Top of SUPPLIED DATA

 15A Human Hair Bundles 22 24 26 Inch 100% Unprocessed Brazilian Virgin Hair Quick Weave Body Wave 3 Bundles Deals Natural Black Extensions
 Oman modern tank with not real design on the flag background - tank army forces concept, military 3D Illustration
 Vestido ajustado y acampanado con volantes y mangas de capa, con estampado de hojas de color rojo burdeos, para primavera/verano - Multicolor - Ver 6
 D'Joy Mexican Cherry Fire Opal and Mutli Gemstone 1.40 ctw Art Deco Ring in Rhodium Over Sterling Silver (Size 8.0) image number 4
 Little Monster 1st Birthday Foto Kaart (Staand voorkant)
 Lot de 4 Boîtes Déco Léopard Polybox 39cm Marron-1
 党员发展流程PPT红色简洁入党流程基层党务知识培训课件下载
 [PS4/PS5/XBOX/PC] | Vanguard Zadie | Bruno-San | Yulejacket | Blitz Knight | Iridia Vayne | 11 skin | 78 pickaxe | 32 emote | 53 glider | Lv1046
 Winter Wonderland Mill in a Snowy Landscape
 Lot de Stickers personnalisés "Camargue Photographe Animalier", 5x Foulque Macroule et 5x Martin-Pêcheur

Bottom of SUPPLIED DATA

- [EXERCISE INSTRUCTIONS] Where a line contains "Winter Wonderland Mill in a Snowy Landscape", begin there and output each line through the end of the data above, exactly; give no other lines.

- [SOLUTION FOR THIS PROBLEM]
 Winter Wonderland Mill in a Snowy Landscape
 Lot de Stickers personnalisés "Camargue Photographe Animalier", 5x Foulque Macroule et 5x Martin-Pêcheur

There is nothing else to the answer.